A timely change in the wind saved Charlie Clarke’s cattle farm from devastation during the Black Summer bushfires of 2019.
This fire season, he’s taking no chances.
Hot and dry conditions across Queensland have led to more than 1,000 fires across the state in recent weeks, resulting in dozens of properties and several lives lost.
On the Scenic Rim, west of the Gold Coast, fire bans have been enforced early in the season, and on Mr Clarke’s Beechmont smallholding, the lack of rain has stunted the grass pastures.
Instead of relaxing at the farmhouse watching the cattle fatten, he’s destocking.
“What do you do? Do you let your cattle starve? Do you shoot them?
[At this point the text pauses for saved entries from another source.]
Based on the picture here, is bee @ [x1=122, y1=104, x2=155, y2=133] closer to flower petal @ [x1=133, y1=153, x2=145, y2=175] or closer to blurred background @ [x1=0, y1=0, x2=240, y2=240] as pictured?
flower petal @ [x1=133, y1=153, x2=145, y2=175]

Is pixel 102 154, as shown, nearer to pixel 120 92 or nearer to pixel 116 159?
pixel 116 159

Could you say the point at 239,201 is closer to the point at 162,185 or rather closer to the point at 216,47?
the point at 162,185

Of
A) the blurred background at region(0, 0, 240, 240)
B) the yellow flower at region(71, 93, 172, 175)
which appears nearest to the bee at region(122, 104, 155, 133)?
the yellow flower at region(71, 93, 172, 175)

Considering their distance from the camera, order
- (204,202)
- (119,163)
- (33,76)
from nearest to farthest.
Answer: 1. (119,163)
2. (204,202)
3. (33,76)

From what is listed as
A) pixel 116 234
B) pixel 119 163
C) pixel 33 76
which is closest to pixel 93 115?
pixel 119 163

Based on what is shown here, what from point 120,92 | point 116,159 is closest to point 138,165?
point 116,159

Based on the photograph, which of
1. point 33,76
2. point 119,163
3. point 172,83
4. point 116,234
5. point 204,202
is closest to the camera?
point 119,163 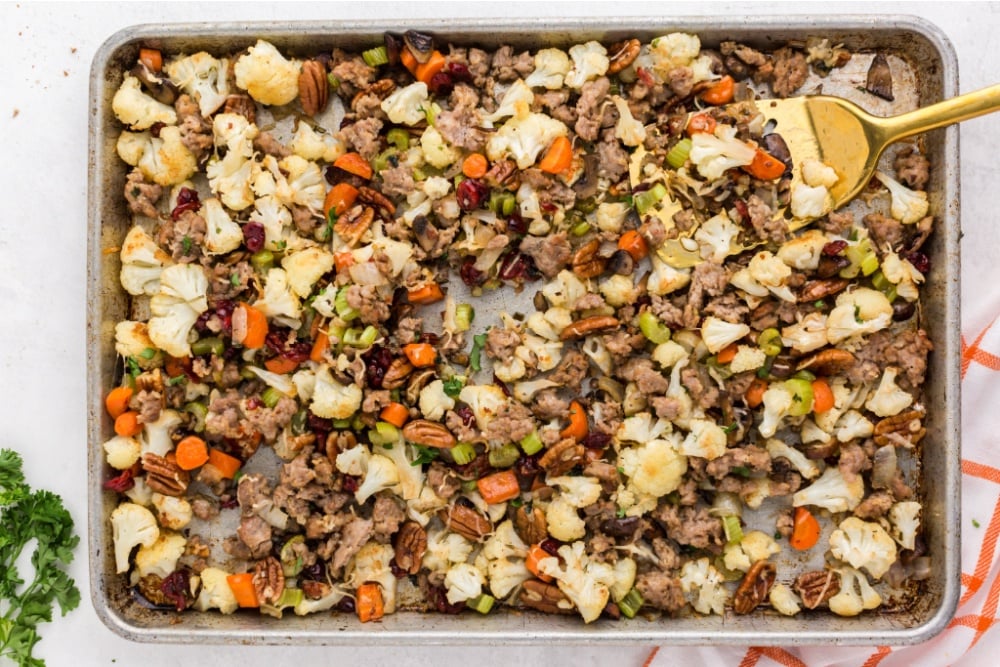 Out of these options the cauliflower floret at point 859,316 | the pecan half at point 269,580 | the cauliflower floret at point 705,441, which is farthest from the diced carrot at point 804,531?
the pecan half at point 269,580

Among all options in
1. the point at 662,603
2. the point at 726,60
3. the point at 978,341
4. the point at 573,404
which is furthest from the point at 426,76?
the point at 978,341

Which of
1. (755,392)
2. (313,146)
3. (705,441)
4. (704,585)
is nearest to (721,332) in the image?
(755,392)

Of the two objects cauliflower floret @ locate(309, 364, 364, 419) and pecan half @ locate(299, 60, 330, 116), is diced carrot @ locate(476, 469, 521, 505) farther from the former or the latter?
pecan half @ locate(299, 60, 330, 116)

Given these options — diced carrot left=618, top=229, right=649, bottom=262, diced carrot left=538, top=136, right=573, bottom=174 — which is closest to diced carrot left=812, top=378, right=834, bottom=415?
diced carrot left=618, top=229, right=649, bottom=262

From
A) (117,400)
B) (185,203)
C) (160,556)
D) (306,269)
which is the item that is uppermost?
(185,203)

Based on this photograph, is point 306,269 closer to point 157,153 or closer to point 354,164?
point 354,164

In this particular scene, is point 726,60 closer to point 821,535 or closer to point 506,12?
point 506,12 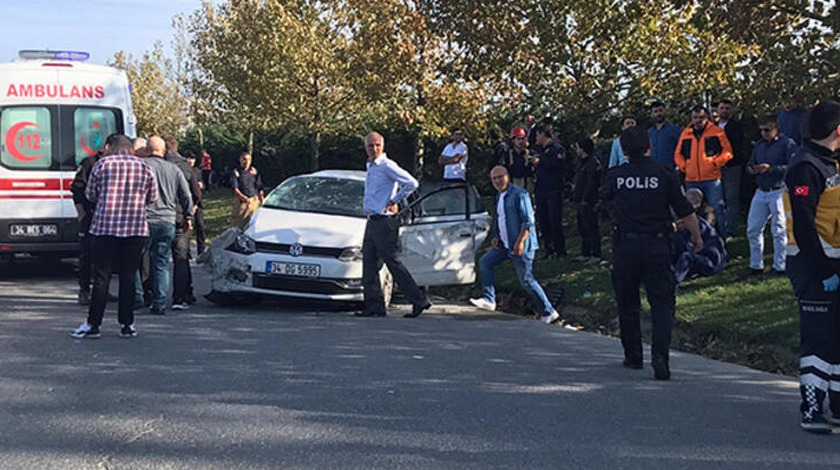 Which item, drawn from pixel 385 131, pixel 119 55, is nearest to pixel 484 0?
pixel 385 131

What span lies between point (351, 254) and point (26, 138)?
5.43 meters

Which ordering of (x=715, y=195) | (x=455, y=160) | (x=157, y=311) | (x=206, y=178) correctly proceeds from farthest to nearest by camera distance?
(x=206, y=178)
(x=455, y=160)
(x=715, y=195)
(x=157, y=311)

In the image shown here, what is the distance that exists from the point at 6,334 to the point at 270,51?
18.4 metres

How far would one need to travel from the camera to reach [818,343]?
588 cm

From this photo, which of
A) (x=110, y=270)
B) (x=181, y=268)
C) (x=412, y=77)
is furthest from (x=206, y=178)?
(x=110, y=270)

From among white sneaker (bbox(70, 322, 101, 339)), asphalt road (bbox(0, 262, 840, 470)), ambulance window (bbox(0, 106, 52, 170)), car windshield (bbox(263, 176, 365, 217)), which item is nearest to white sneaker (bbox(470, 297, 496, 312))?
asphalt road (bbox(0, 262, 840, 470))

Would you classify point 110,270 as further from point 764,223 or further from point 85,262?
point 764,223

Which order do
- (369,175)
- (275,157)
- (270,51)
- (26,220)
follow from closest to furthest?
(369,175), (26,220), (270,51), (275,157)

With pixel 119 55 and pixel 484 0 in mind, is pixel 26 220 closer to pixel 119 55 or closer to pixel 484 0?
pixel 484 0

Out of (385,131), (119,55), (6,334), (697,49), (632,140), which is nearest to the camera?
(632,140)

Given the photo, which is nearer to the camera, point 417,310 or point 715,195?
point 417,310

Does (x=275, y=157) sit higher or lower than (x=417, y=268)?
higher

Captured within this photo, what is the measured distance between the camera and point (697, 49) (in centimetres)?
1702

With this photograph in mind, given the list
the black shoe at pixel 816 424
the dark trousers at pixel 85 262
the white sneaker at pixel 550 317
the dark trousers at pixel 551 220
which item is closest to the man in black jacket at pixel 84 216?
the dark trousers at pixel 85 262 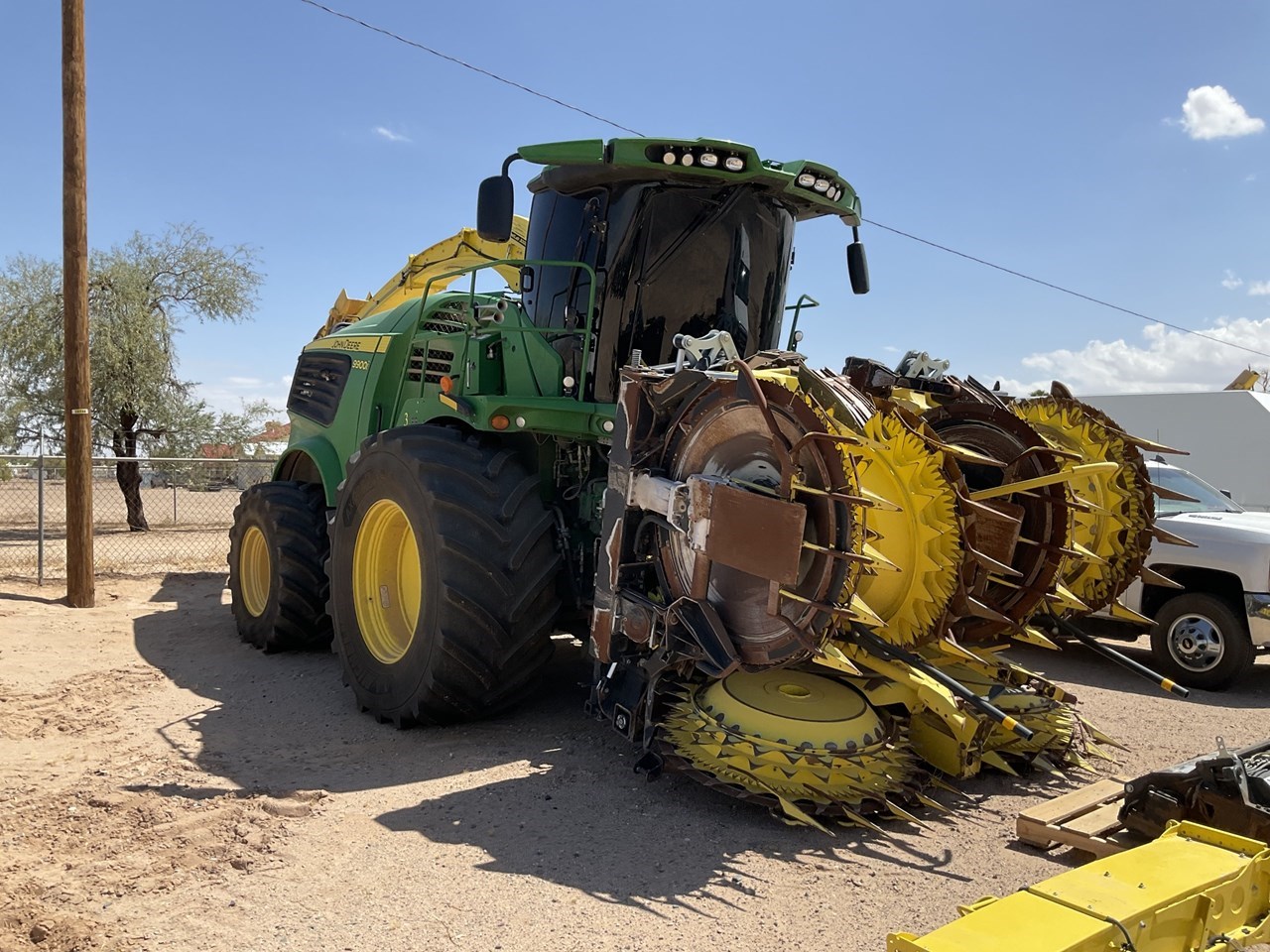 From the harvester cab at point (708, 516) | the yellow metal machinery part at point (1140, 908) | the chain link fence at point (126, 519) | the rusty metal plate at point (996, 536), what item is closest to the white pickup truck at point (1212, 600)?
the harvester cab at point (708, 516)

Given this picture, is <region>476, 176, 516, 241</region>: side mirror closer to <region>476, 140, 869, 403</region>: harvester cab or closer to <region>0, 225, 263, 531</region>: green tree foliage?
<region>476, 140, 869, 403</region>: harvester cab

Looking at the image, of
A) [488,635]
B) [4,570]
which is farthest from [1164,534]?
[4,570]

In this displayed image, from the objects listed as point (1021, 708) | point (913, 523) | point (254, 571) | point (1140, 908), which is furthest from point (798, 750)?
point (254, 571)

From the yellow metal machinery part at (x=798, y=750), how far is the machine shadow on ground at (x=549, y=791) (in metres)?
0.14

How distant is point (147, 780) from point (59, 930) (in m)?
1.43

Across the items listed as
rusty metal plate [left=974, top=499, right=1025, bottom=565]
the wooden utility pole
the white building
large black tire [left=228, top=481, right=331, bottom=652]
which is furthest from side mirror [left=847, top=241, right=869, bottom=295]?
the white building

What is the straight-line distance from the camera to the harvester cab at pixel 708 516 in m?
3.76

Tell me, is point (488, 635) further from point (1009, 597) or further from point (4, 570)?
point (4, 570)

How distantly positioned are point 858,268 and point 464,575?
125 inches

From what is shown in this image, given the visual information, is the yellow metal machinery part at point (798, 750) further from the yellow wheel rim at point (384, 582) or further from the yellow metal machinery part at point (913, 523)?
the yellow wheel rim at point (384, 582)

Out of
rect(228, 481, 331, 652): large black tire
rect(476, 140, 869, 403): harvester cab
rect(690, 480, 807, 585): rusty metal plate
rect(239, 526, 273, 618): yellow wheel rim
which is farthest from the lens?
rect(239, 526, 273, 618): yellow wheel rim

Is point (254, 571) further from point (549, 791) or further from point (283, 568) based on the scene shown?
point (549, 791)

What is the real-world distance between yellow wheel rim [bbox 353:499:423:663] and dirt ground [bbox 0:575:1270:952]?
540 mm

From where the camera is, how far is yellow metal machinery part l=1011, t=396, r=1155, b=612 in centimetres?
523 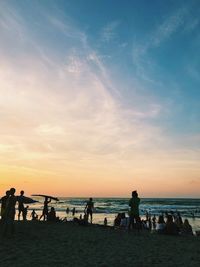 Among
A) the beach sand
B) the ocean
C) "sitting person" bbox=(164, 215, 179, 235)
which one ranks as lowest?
the beach sand

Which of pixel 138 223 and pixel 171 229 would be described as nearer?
pixel 138 223

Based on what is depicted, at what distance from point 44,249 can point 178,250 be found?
5.52 meters

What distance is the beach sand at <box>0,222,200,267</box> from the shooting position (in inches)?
411

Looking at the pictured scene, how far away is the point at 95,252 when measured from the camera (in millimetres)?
12375

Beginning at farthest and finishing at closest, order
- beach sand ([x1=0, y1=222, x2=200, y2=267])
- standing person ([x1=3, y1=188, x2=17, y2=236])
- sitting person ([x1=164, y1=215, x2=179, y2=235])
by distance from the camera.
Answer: sitting person ([x1=164, y1=215, x2=179, y2=235])
standing person ([x1=3, y1=188, x2=17, y2=236])
beach sand ([x1=0, y1=222, x2=200, y2=267])

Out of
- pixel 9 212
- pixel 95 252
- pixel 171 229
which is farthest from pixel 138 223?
pixel 9 212

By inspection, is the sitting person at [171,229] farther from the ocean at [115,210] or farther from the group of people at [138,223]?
the ocean at [115,210]

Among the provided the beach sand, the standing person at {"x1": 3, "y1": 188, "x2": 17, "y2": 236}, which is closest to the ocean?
the standing person at {"x1": 3, "y1": 188, "x2": 17, "y2": 236}

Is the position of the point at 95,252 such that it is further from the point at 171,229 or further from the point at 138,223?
the point at 171,229

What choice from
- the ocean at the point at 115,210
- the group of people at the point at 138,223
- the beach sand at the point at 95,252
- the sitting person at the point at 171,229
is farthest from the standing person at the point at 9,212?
the sitting person at the point at 171,229

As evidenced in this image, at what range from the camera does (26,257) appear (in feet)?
36.0

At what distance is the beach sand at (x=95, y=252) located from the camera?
1044cm

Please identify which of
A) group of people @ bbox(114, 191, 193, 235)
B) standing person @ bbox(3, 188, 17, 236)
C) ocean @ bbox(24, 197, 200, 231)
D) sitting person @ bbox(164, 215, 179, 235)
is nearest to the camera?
standing person @ bbox(3, 188, 17, 236)

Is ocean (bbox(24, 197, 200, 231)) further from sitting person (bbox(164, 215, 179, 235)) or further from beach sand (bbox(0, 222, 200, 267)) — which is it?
beach sand (bbox(0, 222, 200, 267))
No,” Mr Clarke said.
“It’s why we’ve done what we’ve done, get rid of the cattle and get the best money we can for them,” he said.
“It hurts that you won’t have an income until it rains again and we get pasture, [because] that’s going to be 12 months at least.”
Livestock aren’t the only cause for concern as the El Niño weather pattern kicks in.
The usually verdant landscape surrounding Mr Clarke’s farm is parched, and the threat of fire is rising.
“It’s a worry because [in fire] you start losing your fences and it’s also your neighbours and what happens to them,” Mr Clarke said.
“It’s sad to see … the ridge along here, when it’s green it’s beautiful but when it’s dry it’s shocking.”
Past experiences prepare residents
Bushfires that swept through parts of the Scenic Rim in September 2019 destroyed the historic Binna Burra Lodge in the Lamington National Park, and forced many people to leave their properties.
In Canungra, the memories of what came to be known as the Black Summer bushfires are adding to residents’ concerns about what this season could bring.
“[Fire] is a subject that everybody is talking about,” boutique owner Michelle Roper-Dennis said.
“The creek’s low, there’s not much water happening, so it’s a scary time.”
Fellow local Kate Stonestreet helped friends and neighbours evacuate their rural properties in 2019.
“It was like something out of a war movie … there were people standing on the side of the road with their animals begging for someone to take them to safety,” Ms Stonestreet said.
“[Remembering that] makes us all emotional but I think, we’re Queenslanders – we live and we learn and we become stronger from it.”
She said that while many in the community are anxious about what this fire season could bring, past experiences have made locals better prepared.
“We’re super dry and we’ve also had a bunch of wind, so those conditions all combined are a recipe for a pretty chaotic summer season for us,” she said.
“The lesson from 2019 is not to wait until the last minute and I don’t think anyone will do that this season.
“This isn’t the time to be a hero … as soon as the warnings to leave come up, you just leave — you take your animals, you take what you need, and you leave.”
Authorities managing risk
The dry conditions on the eastern reaches of the Scenic Rim belie the drenching the region received in 2022, with more than 2.3 metres of rain recorded at the Australian Army’s Kokoda Barracks outside Canungra.
For residents and landholders, that rainfall is long gone, but the growth it helped create in the region’s forests and national parks is front of mind for authorities.
“The fuel loads out there are above average, and we attribute that to the fact that we did have that significant rain event late last year and into January this year,” said Chief Superintendent Alan Gillespie from Queensland’s Rural Fire Service (RFS).
“I can understand why residents in the Scenic Rim would be nervous at this time of year as it is very dry out there, and given they were heavily impacted in 2018-19 and 2019-20.”
In the densely forested hills and national parks of the region, firefighters and Queensland Parks and Wildlife Service (QPWS) rangers have been burning hundreds of hectares of land to reduce the risk of severe fires.
RFS manager of bushfire mitigation for south-east Queensland Joe Cullen said the bushfire season had started off “fairly typically”.
Mr Cullen said nervousness in the community is a good thing.
“With the El Niño impacting, and moving into the summer months, we’re seeing that our hazard reduction windows of opportunity have shortened,” he said.
“If the community are becoming aware of the conditions around them and starting to feel uneasy, it’s a good time for them to start researching what they can do to prepare their properties.”
National Parks and Wildlife Service ranger Rachel Chapman said while authorities do everything they can to manage the risk of bushfire, they need landholders and residents doing their part.
“It’s a joint responsibility. Fire doesn’t know boundaries,” she said.
“Often fires are started off in national parks [and] they burn through national parks.
“Really, it’s about knowing where you live and the different factors that impact fire.”